Mêler ancien et modernité
Aujourd’hui, le salon Pompadour est resté fidèle à son apparence en 1907. Au mur : l'œuvre de la marquise de Pompadour, un grand tableau de la mécène des artistes. En enfilade, deux autres salons accueillent mariages et événements dans des ambiances différentes. Au fond de l’hôtel, le salon Jeu de Paume occupe l'emplacement de l'ancienne entrée discrète, utilisée jusqu’aux années 2000.
Dans le bar, la fresque originale d’Alexandre-Claude-Louis Lavalley, célèbre au XXᵉ siècle, a aussi été préservée. Récemment, l’environnement artistique a inspiré Philippe Starck qui a apporté sa touche à la galerie et au restaurant Le Dali, en 2007 puis en 2016. Mais le lieu garde ses couleurs pastel, sa réception discrète, son entrée sous les arcades et son atmosphère intimiste.

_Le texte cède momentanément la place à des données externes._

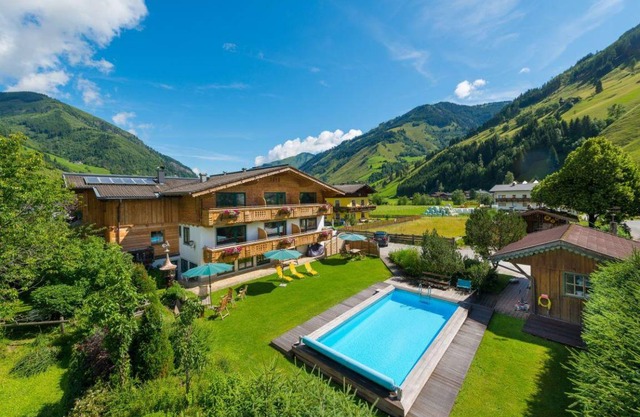 56 m² Apartment ∙ 2 bedrooms ∙ 4 guests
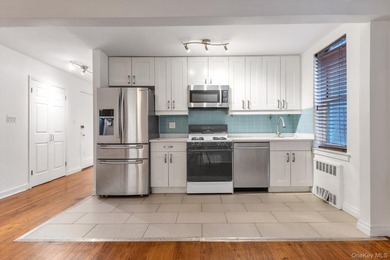 Welcome to this bright and spacious corner one bedroom apartment - photo 11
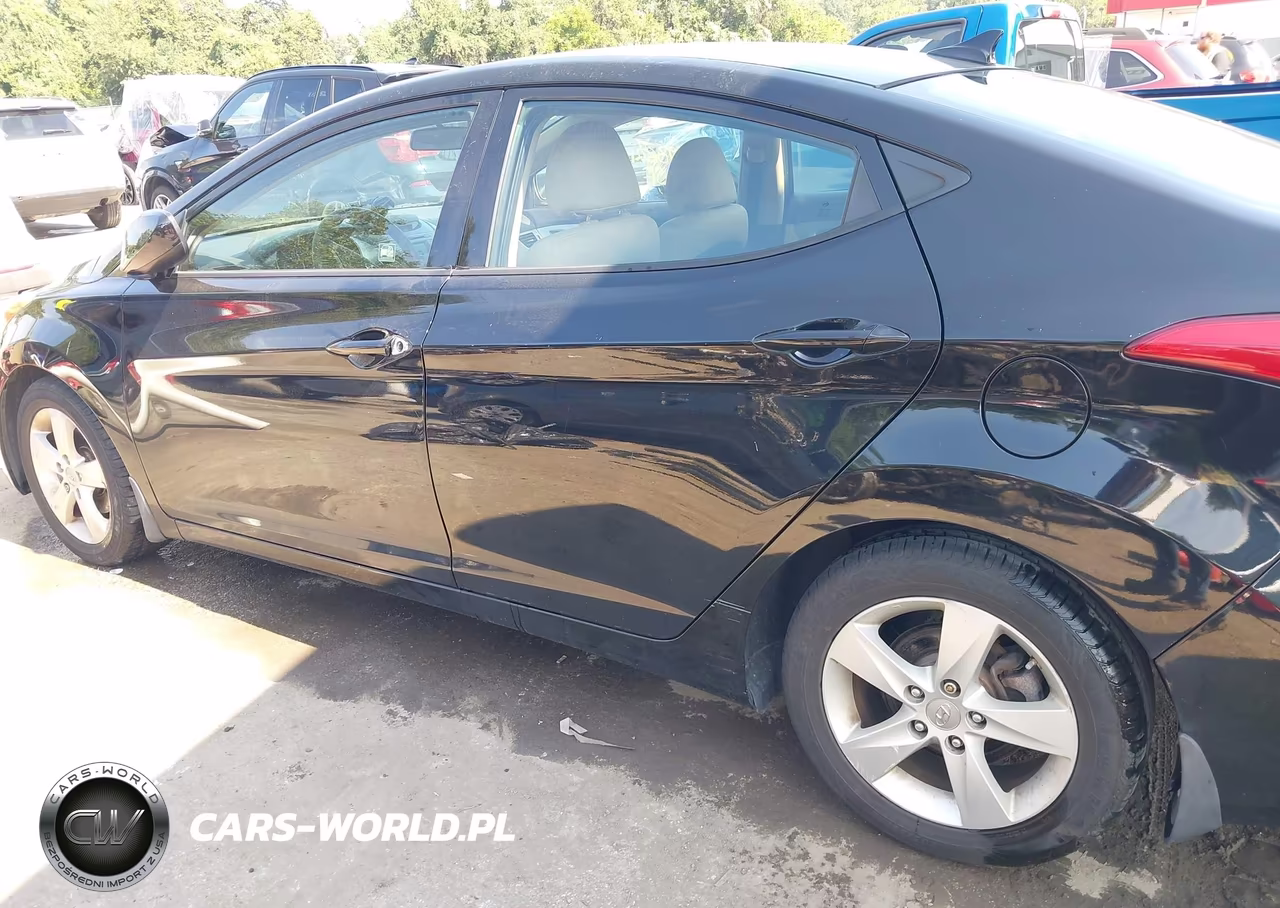 2013 Hyundai Elantra Gls VIN:5NPDH4AE9DH273698 - 17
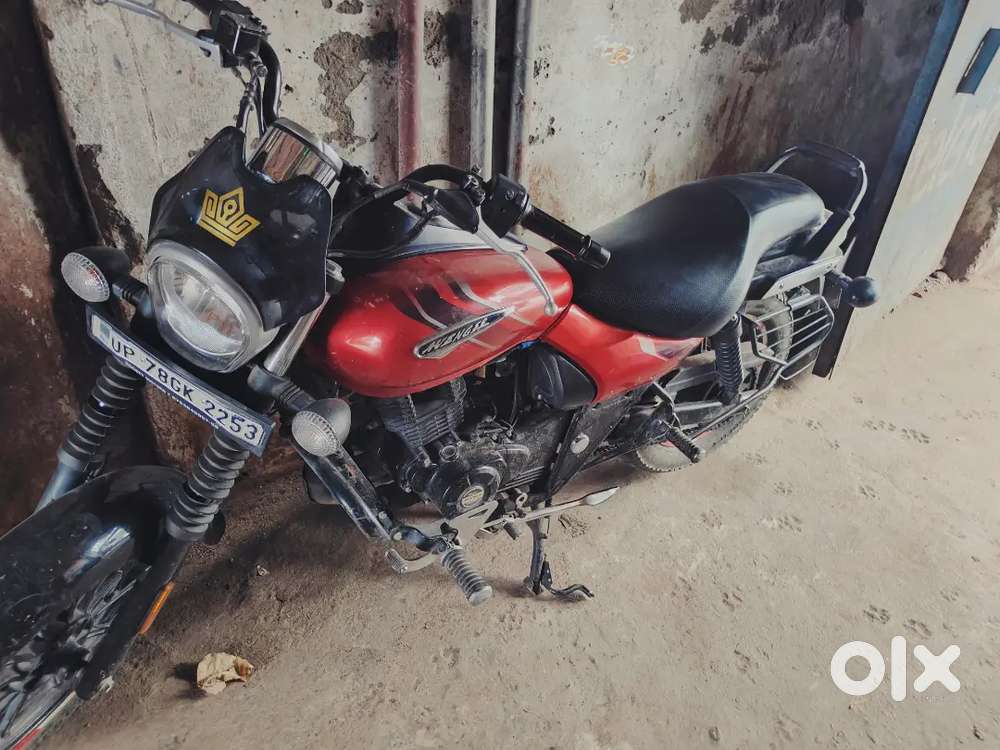 Bajaj Avenger 160cc Street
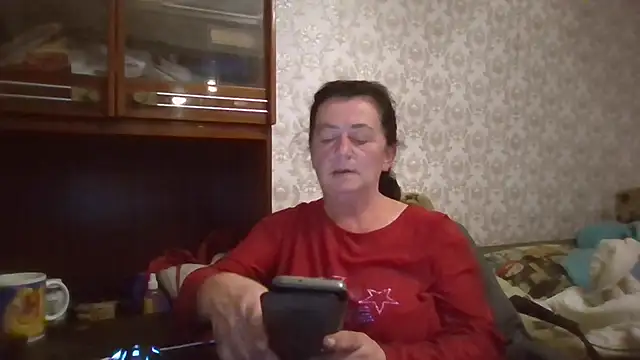 Snapshot of GypsiQueen2 chatting on October 7, 6:05 pm GypsiQueen2 online show from October 7, 6:05 pm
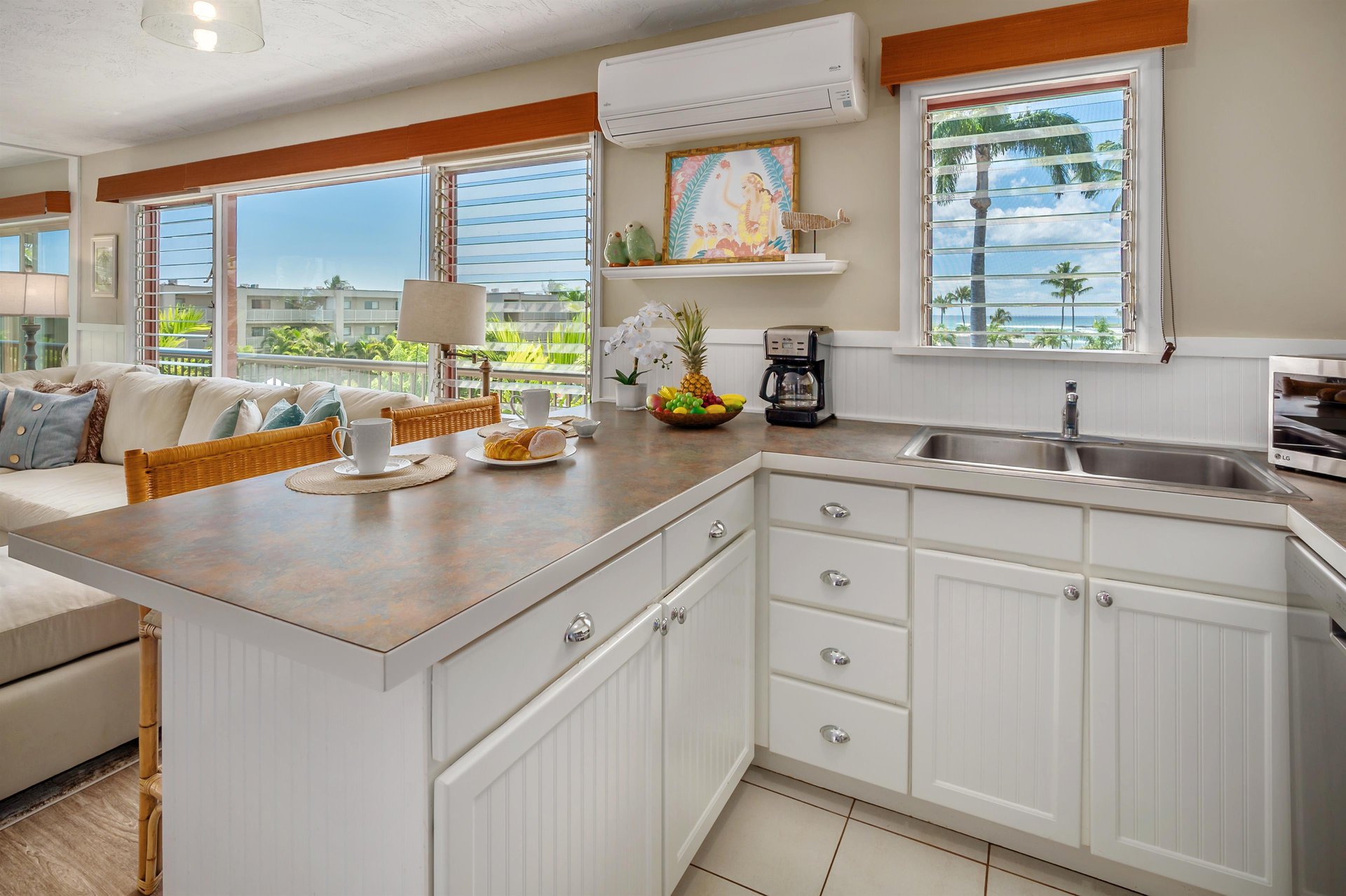 Prepare meals and be pleased by the ocean views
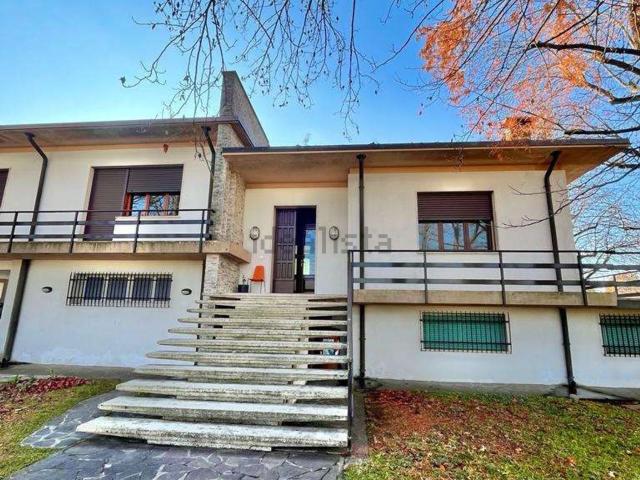 Case e ville in vendita di 400 m²
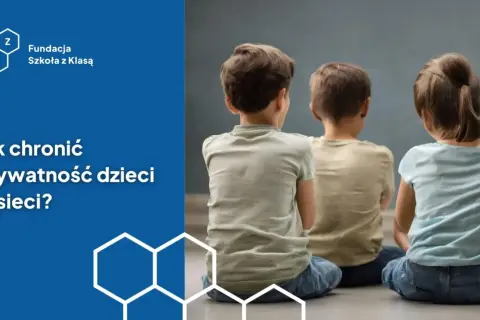 Trójka dzieci siedzi tyłem do widza. Grafika porusza temat sharentingu i ochrony prywatności w sieci.
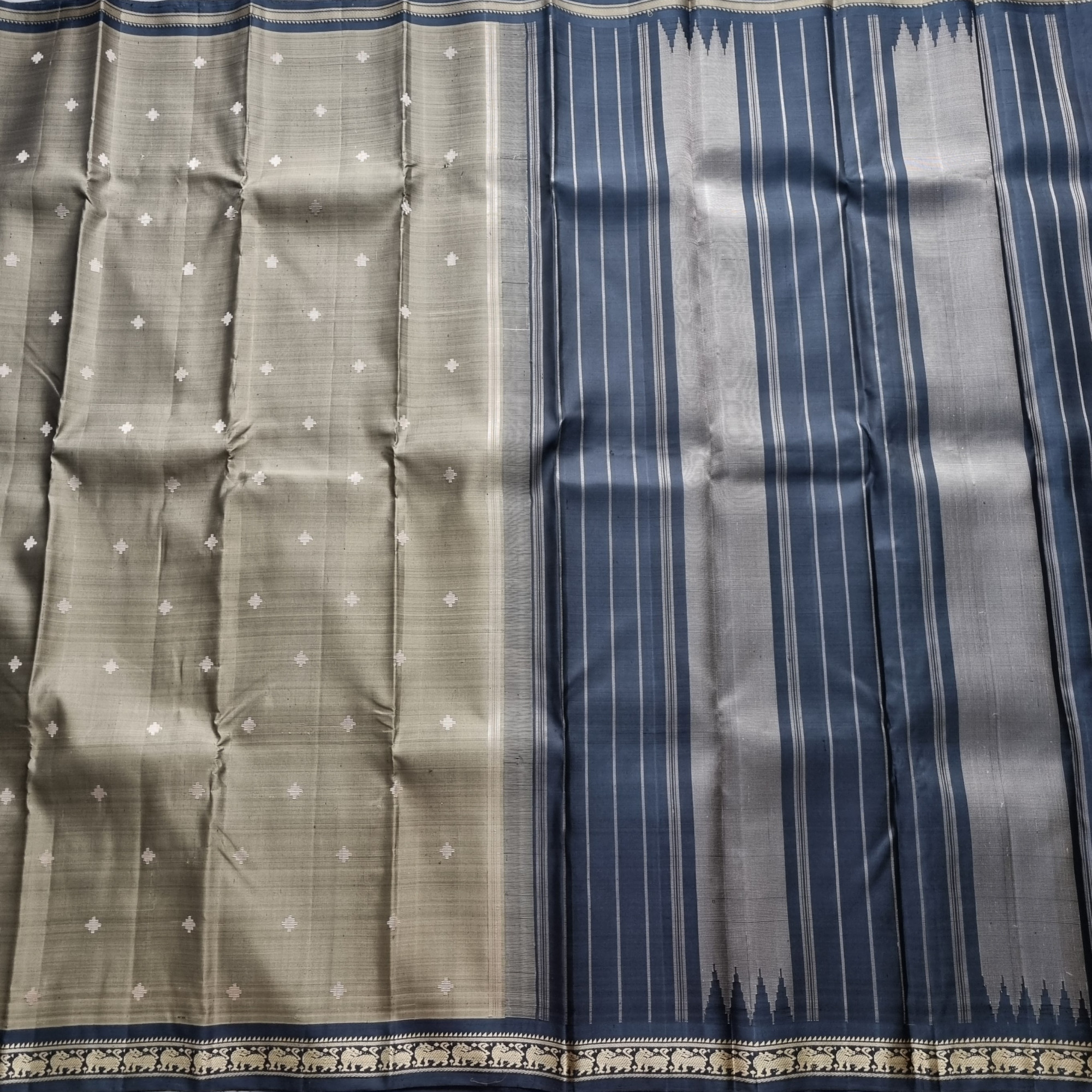 Kanjivaram Silk grey threadwork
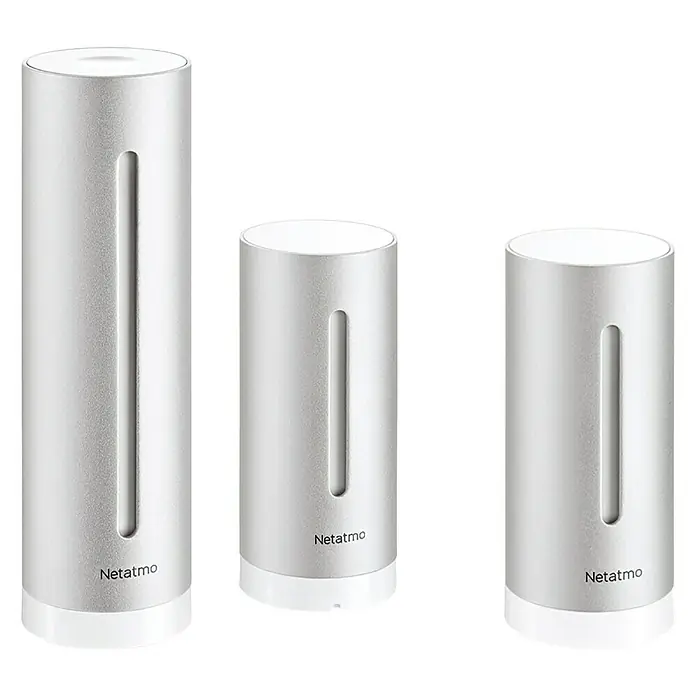 Netatmo Estación meteorológica inalámbrica con módulo interior - Indicador de medición digital, Plateado, 4,5 x 4,5 x 15,5 cm - Imagen de tres estaciones meteorológicas Netatmo de diferentes tamaños, que ofrecen tecnología moderna para tu hogar.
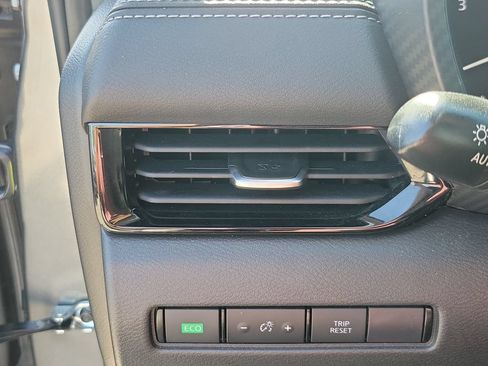 Used 2025 Nissan Sentra SV FWD image 30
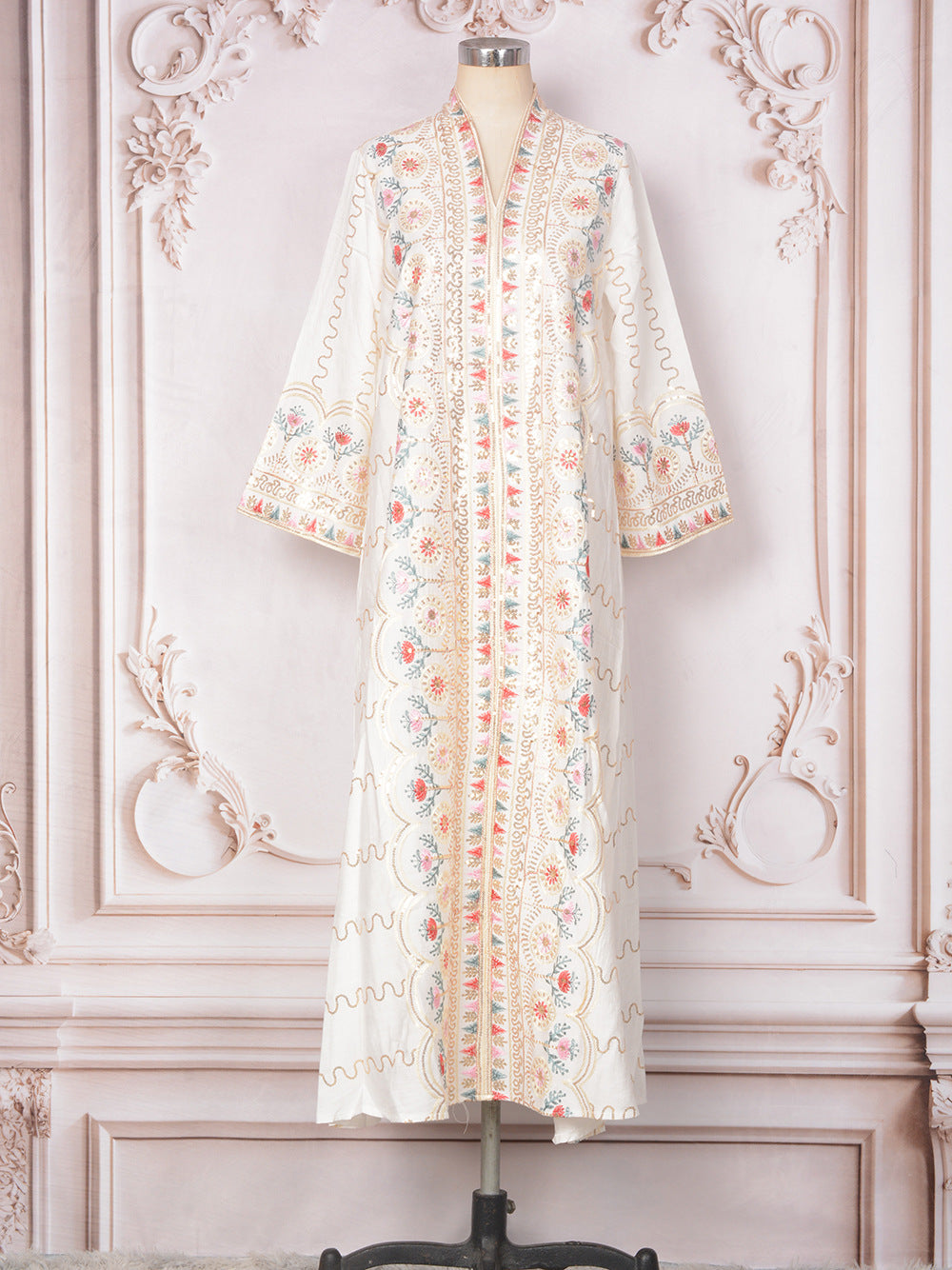Kaftan brodé à encolure en V — Jihane
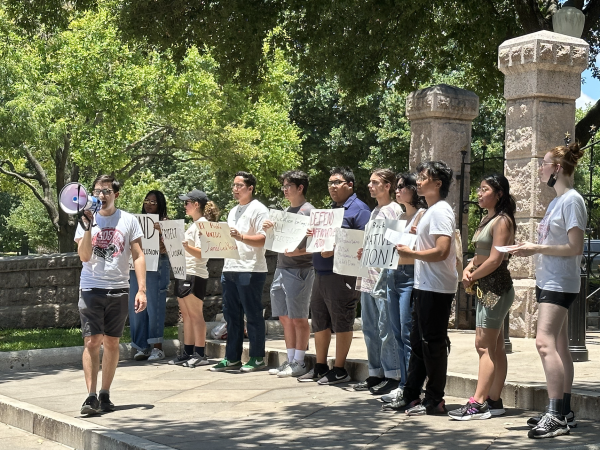 Estudiantes de Austin por una Sociedad Democrática protestan contra la decisión de acción afirmativa de la Corte Suprema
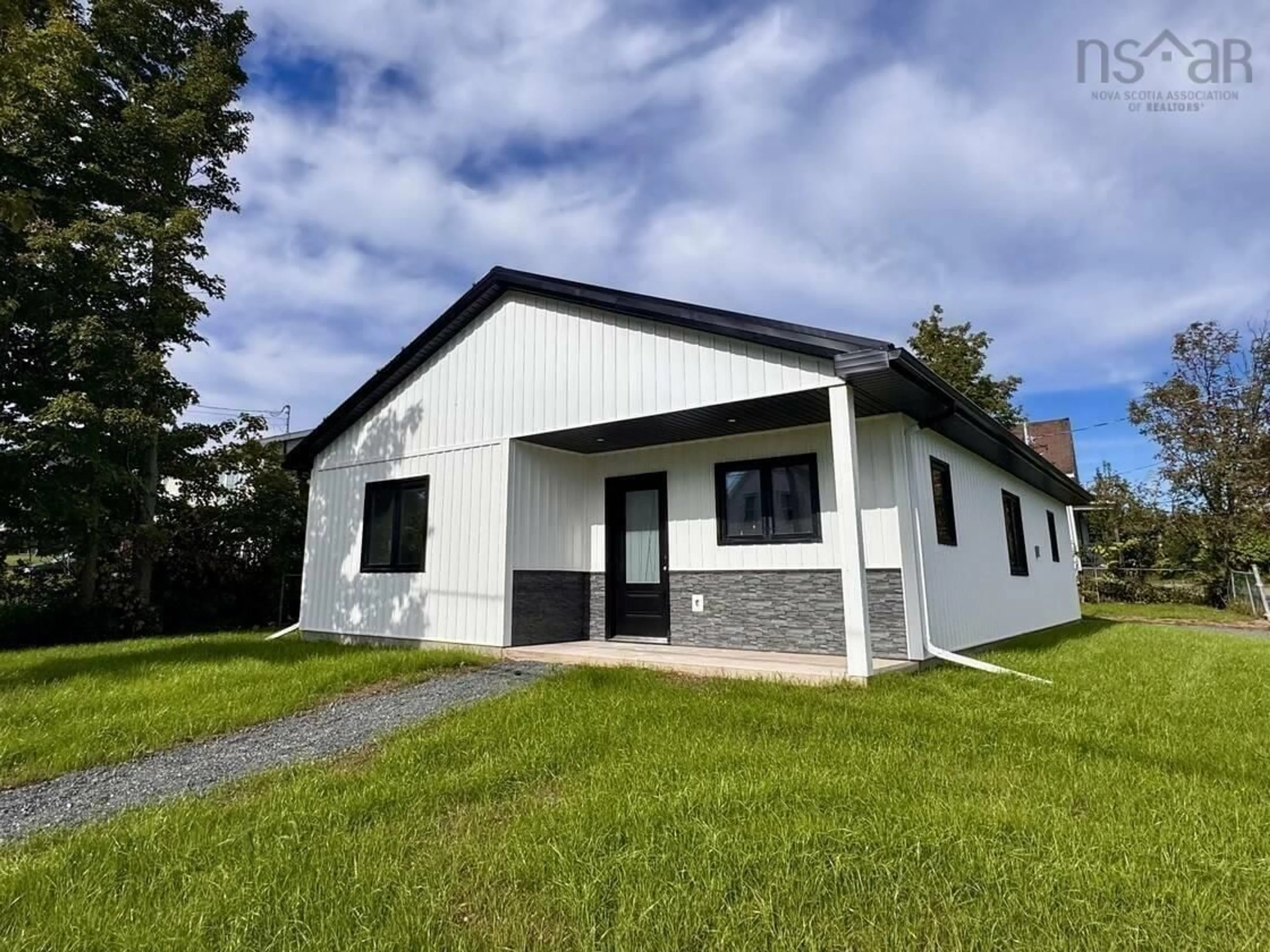 Unknown for 1722 N Main St, Westville Nova Scotia B0K 0A8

Certains des salariés fidèles à la maison y travaillent depuis 30 ans. « Il n’est pas rare qu’on ait des enfants ou des petits-enfants d’anciens clients qui retrouvent les mêmes salariés. »
Pour cultiver cette mémoire, une archiviste travaille depuis quelques années auprès du Meurice. L’idée : vérifier les histoires transmises de bouche-à-oreille au sujet du palace. Et, « nous cherchons d’autres anecdotes autour de l’art que celles sur Dali et Picasso. »
©DR
Palace avant l’heure
À cette époque, le terme "palace" n’est pas encore utilisé. Le label est créé en 2010 et des critères doivent être respectés afin de pouvoir l’utiliser. « Il y a un cahier des charges précis sur les services proposés par l’hôtel et la direction doit chaque année passer un oral et soumettre un dossier. » Premier hôtel parisien à obtenir cette distinction en 2010, le Meurice est parvenu à le conserver chaque année.